# Best octopus villager?



## Rosie Moon (Apr 13, 2020)

Curious to see how the octopus villagers rank against each other! 

(Also I didn’t include Inkwell since he isn’t in NH and was more of a Splatoon crossover sort of thing, but feel free to give him a mention if he’s a favourite of yours regardless!)

*cough* Zucker is best takoyaki boy *cough*


----------



## ayeeprill (Apr 13, 2020)

I really only like Octavian. He's adorable!
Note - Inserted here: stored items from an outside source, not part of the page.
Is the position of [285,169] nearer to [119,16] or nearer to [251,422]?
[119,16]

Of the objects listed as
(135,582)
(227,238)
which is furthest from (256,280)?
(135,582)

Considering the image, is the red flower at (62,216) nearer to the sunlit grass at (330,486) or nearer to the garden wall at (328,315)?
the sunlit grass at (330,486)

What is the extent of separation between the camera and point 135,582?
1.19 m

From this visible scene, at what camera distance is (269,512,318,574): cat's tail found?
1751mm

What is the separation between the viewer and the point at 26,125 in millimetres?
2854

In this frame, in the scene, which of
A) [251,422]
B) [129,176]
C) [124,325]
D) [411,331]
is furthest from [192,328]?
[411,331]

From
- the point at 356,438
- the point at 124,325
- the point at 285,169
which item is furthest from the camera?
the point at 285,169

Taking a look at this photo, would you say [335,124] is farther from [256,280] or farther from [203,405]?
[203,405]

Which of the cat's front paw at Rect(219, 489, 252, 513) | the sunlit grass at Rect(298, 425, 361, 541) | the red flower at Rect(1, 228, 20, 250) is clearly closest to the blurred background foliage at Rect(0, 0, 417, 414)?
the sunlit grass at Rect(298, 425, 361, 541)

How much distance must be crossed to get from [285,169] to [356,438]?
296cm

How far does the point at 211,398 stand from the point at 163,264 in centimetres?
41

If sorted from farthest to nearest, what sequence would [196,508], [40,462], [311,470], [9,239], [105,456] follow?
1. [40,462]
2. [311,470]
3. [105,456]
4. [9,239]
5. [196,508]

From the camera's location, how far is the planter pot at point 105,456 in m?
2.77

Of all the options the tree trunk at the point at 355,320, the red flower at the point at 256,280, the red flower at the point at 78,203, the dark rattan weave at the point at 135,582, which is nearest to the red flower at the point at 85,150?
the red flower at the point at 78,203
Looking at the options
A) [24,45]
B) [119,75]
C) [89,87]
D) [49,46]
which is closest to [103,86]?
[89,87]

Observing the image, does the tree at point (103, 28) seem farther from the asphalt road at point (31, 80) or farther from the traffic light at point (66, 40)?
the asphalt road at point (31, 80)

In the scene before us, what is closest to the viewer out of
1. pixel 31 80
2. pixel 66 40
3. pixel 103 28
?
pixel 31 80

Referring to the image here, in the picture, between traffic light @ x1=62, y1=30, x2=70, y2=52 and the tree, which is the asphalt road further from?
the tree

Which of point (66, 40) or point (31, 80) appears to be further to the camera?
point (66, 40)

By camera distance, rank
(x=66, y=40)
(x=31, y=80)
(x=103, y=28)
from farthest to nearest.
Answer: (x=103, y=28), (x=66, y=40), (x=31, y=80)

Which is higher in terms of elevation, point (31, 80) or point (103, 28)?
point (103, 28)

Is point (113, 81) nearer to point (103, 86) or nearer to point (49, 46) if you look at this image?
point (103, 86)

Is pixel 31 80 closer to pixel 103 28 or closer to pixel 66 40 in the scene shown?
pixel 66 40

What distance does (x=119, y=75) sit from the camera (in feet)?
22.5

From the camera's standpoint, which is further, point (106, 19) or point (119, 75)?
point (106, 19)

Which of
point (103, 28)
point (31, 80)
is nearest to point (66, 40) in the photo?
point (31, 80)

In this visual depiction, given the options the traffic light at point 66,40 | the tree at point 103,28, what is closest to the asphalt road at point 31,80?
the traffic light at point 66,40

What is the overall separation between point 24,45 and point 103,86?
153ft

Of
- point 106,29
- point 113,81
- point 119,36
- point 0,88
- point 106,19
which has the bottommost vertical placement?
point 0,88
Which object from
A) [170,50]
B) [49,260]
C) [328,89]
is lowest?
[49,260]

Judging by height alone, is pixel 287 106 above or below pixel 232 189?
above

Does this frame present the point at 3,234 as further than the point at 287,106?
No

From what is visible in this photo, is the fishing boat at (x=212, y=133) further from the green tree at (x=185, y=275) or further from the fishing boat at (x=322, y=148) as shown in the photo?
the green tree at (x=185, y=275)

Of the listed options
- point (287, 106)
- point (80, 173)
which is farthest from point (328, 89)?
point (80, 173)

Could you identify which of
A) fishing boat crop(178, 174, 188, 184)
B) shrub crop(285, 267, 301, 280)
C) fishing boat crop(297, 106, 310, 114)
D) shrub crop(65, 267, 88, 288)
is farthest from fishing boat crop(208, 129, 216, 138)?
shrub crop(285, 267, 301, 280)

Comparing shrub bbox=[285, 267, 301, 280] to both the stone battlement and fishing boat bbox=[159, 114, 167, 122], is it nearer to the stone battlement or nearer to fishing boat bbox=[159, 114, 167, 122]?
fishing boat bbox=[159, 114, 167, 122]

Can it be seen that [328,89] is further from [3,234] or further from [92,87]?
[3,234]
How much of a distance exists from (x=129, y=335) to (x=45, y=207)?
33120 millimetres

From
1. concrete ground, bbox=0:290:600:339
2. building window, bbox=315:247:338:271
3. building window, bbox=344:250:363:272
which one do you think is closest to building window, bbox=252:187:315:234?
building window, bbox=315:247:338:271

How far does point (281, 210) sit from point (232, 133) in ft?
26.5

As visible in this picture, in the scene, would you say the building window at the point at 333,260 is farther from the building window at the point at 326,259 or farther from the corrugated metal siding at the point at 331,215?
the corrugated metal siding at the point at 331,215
Marina's OK, but I don't like Zucker


----------



## Hoosker (Apr 13, 2020)

I have all 3 on my island currently and they all grow on me in different ways tbh.
Marina is ranking lowest in the poll, but she sings ALL the time on my island and it's the most precious thing.


----------



## Rosie Moon (Apr 13, 2020)

Hoosker said:


> I have all 3 on my island currently and they all grow on me in different ways tbh.
> Marina is ranking lowest in the poll, but she sings ALL the time on my island and it's the most precious thing.
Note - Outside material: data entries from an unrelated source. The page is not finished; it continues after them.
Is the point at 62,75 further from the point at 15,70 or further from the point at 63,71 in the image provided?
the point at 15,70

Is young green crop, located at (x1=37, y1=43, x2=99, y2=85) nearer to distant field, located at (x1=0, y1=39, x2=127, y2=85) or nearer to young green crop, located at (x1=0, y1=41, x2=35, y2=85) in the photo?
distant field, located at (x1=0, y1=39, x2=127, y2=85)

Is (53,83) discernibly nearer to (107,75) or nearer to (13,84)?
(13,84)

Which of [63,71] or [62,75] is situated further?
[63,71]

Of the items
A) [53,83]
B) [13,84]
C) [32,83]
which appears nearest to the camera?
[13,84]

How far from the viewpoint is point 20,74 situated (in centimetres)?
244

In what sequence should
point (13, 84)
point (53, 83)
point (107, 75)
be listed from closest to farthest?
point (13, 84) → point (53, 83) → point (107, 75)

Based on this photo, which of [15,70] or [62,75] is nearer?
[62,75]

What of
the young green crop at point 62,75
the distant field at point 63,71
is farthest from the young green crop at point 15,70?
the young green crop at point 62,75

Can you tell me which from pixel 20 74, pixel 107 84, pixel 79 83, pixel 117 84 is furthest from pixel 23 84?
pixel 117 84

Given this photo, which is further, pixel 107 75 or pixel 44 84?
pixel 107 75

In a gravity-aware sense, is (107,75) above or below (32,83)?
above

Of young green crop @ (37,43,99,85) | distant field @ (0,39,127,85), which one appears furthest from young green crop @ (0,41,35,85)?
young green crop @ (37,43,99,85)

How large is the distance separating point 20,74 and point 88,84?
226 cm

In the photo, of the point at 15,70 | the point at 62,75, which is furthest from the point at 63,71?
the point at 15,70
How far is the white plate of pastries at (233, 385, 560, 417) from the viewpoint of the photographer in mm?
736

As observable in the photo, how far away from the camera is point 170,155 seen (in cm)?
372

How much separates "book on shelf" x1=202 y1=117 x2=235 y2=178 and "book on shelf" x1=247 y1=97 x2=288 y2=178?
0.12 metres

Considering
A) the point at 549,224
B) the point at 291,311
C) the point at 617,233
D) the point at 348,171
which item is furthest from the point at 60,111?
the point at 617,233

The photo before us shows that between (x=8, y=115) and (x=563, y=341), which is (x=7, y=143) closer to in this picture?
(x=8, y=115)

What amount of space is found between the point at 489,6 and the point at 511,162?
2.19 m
I like all three too! And while Zucker is my favourite, Marina is definitely a close second for me - she’s so pink and precious


----------



## Rex of Elysium (Apr 13, 2020)

I love all three, but I like them in reverse order of popularity. Octavian is my favorite and Marina is my least favorite.


----------



## Dustbird (Apr 13, 2020)

Zucker is love Zucker is life. 

Marina comes close though, she's on my bfs island and SHE JUST NEVER STOPS SINGING it's killing me! But Octavian deserves a bucket of love as well. Love the octopi in general. Love their little "mouths" (that's not in the slightest anatomically correct) they're just... so... ugh ❤❤❤

I have Zucker but he's going to my bf. It's going to be really tough letting that silly little takoyaki boy go...


----------



## Rosie Moon (Apr 13, 2020)

Dustbird said:


> I have Zucker but he's going to my bf.



I totally misread that as ‘Zucker is going to be my bf’. No judgement here, I dated Bob back in Wild World... 

At least you can still visit him from time to time!


----------



## Paperboy012305 (Apr 13, 2020)

Only Zucker. I can't really stand Marina, and Octavian is just no.


----------



## 0ni (Apr 13, 2020)

i remember being desperate for zucker to move into my town in new leaf, with no luck.
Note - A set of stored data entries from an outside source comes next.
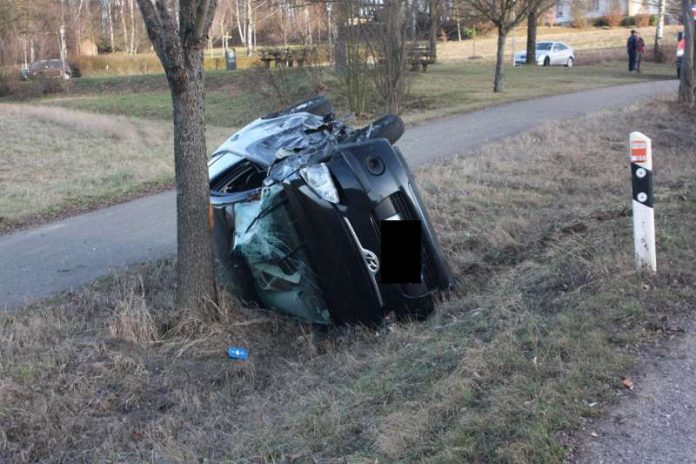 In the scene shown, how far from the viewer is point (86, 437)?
458 centimetres

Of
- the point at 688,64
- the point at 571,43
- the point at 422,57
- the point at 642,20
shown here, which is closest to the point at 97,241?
the point at 688,64

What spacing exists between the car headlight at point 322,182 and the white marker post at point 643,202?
204 centimetres

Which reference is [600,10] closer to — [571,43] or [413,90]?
[571,43]

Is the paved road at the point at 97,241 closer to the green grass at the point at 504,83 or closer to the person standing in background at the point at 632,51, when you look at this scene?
the green grass at the point at 504,83

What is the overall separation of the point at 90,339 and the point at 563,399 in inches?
144

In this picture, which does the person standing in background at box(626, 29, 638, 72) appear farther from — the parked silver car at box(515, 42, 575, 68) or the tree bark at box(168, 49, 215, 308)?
the tree bark at box(168, 49, 215, 308)

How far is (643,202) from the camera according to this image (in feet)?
17.3

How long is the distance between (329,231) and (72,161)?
1414 cm

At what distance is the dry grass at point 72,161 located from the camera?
12383 millimetres

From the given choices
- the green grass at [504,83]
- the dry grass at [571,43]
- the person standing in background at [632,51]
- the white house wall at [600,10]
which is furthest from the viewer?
the white house wall at [600,10]

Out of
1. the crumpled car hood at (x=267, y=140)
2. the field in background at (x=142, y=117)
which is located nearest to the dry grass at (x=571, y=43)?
the field in background at (x=142, y=117)

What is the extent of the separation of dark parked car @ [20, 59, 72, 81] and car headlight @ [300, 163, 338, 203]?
44.9 meters

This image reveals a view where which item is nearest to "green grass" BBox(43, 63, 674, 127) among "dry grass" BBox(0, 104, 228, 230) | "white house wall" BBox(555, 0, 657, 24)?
"dry grass" BBox(0, 104, 228, 230)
flash forward to new horizons - I was island hopping for a new villager after katt moved out and i came across zucker on my 3rd try.

i almost cried


----------



## Krissi2197 (Apr 13, 2020)

I'm not a huge fan of Octavian... Idk why. Marina is the best IMO but Zucker is a baby too and I love him.


----------



## Jared:3 (Apr 13, 2020)

I personally like Marina but Zucker is a close second!


----------



## Hoosker (Apr 13, 2020)

MysteryMoonbeam said:


> I like all three too! And while Zucker is my favourite, Marina is definitely a close second for me - she’s so pink and precious



Zucker was the first of them that I invited, so he has a special place in my heart too for sure!


----------



## 5cm/s (Apr 13, 2020)

i think i like zucker's design the most, but also i currently happen to have marina on my island she sings all! the! time!


----------



## skogkyst (Apr 13, 2020)

Poor Octavian! He's not my top one, but I still like him.


----------



## Yumei (Apr 13, 2020)

I like them all, especially the spicy alien weenie XD
There needs to be more octopi :3


----------



## Lilette (Apr 13, 2020)

I had Marina in WW, she and Margie (my two best friends) left me because I had discovered how to TT (I wanted to sell fossils for bells lollll) and I did cry, even though I was a teenager.. I couldn’t play WW again for years! 

I was able to get her again in CF and again in NL and NH (and this summer she returned to me in WW!) 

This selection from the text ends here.